(Dataset extract Opens)
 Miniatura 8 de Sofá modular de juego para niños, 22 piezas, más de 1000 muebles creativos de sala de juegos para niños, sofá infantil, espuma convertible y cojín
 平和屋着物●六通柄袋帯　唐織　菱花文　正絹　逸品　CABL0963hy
(Dataset extract Closes)
(Dataset extract Opens)
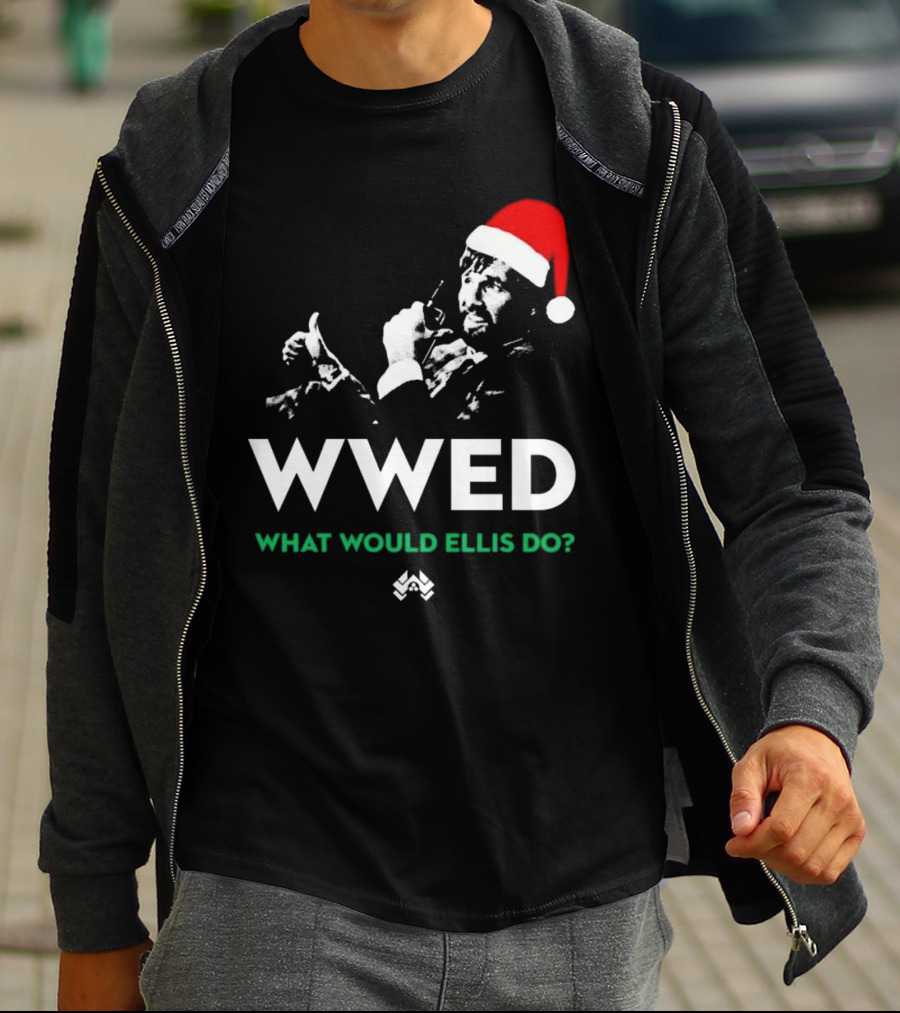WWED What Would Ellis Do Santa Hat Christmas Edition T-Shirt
(Dataset extract Closes)
◆ **Instructions for the task**
Using the data above, print exactly the lines from the line that contains "Miniatura 8 de" through the line that contains "平和屋着物●六通柄袋帯　唐織　菱花文　正絹　逸品　CABL0963hy", with both included.

◆ **Task solution**
 Miniatura 8 de Sofá modular de juego para niños, 22 piezas, más de 1000 muebles creativos de sala de juegos para niños, sofá infantil, espuma convertible y cojín
 平和屋着物●六通柄袋帯　唐織　菱花文　正絹　逸品　CABL0963hy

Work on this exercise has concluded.